#### [Data for this exercise]
§ §
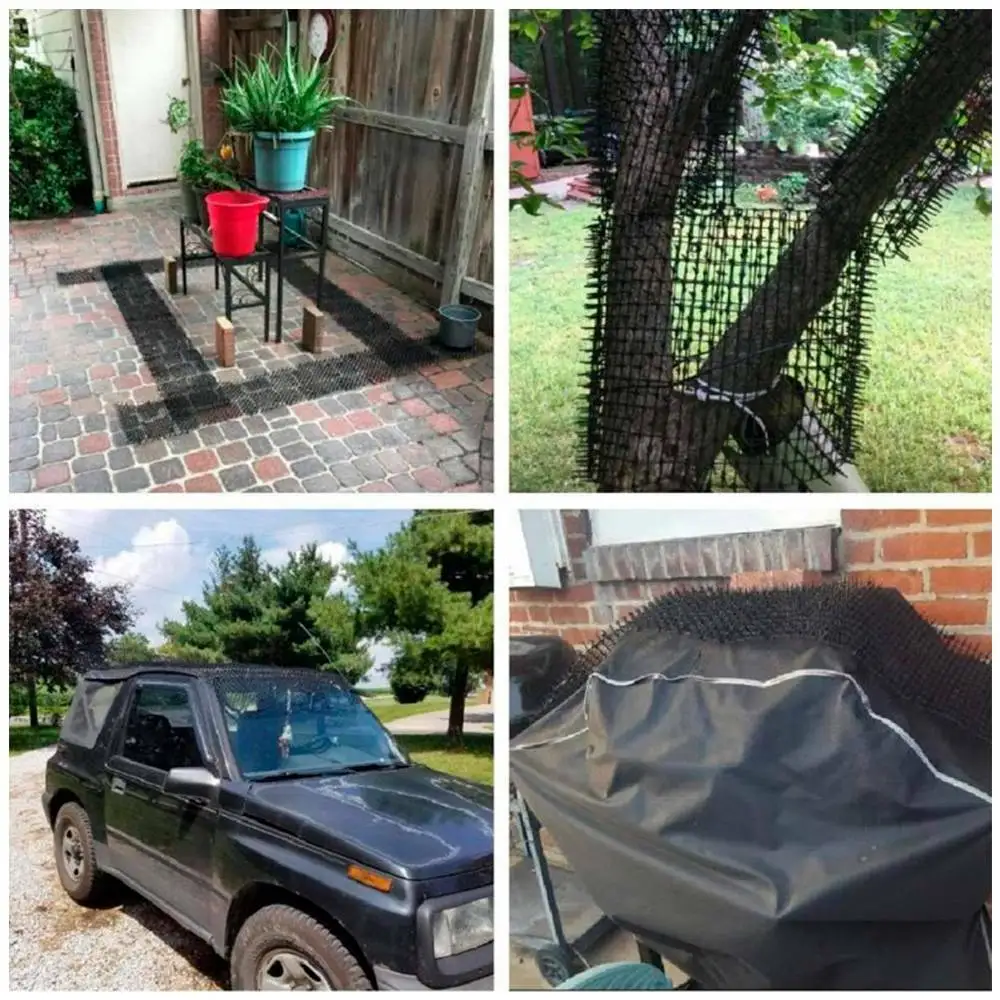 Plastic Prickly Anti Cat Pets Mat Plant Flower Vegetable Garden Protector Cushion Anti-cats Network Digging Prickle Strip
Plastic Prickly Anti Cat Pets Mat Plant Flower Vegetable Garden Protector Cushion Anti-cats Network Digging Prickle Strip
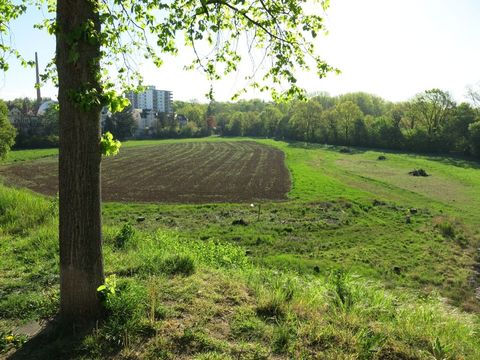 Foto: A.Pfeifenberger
§ §
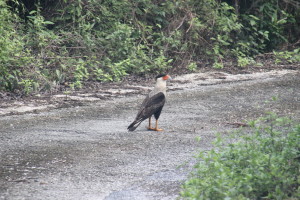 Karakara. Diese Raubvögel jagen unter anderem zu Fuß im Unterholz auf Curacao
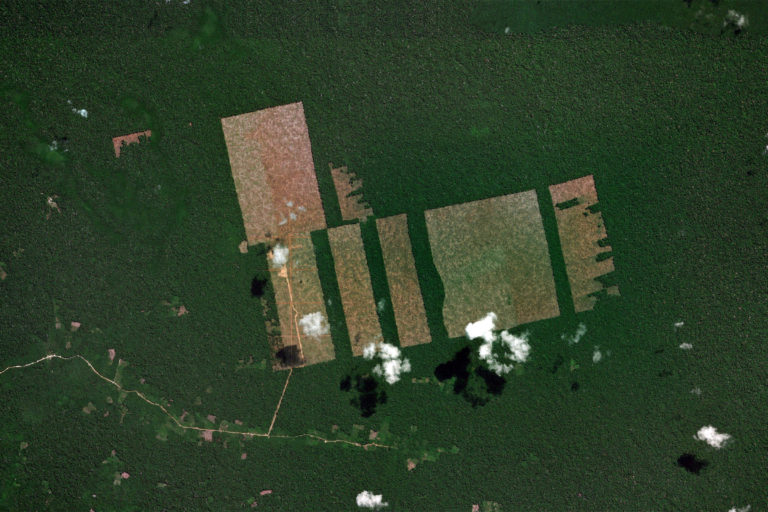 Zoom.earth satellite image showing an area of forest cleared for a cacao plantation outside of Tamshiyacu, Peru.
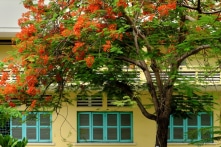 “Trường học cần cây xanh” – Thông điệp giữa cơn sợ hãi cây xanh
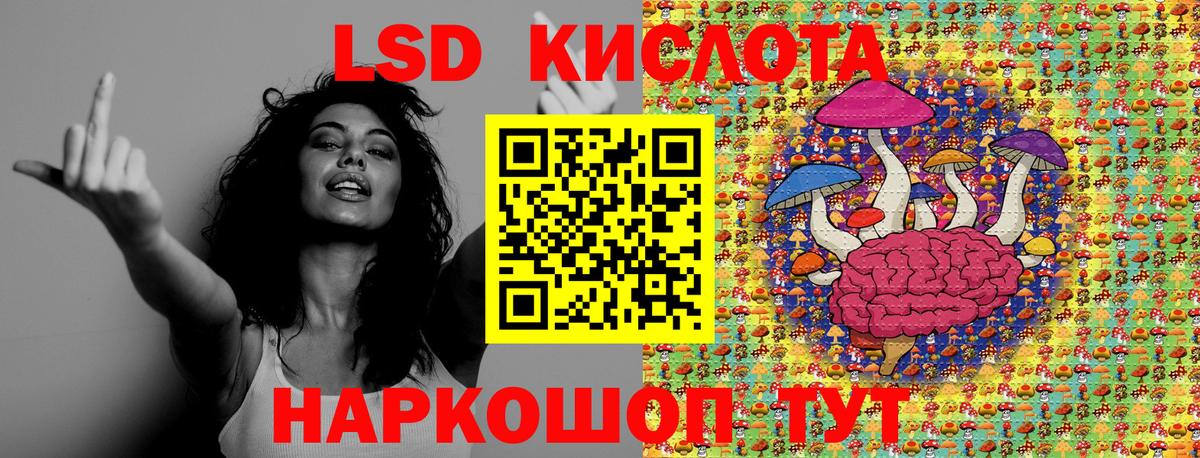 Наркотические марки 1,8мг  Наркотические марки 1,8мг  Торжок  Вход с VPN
§ §
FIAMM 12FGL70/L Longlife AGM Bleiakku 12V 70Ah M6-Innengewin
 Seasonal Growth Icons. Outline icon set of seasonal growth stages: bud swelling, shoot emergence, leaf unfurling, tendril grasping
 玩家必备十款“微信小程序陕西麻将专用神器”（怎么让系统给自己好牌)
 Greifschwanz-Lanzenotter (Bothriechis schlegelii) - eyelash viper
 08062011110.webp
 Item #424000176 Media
§ §
#### [About this task]
Going down the listing above, begin printing at the line with "FIAMM 12FGL70/L Longlife" and finish with the line with "Item #424000176 Media", exactly as they appear.

#### [Response to this task]
FIAMM 12FGL70/L Longlife AGM Bleiakku 12V 70Ah M6-Innengewin
 Seasonal Growth Icons. Outline icon set of seasonal growth stages: bud swelling, shoot emergence, leaf unfurling, tendril grasping
 玩家必备十款“微信小程序陕西麻将专用神器”（怎么让系统给自己好牌)
 Greifschwanz-Lanzenotter (Bothriechis schlegelii) - eyelash viper
 08062011110.webp
 Item #424000176 Media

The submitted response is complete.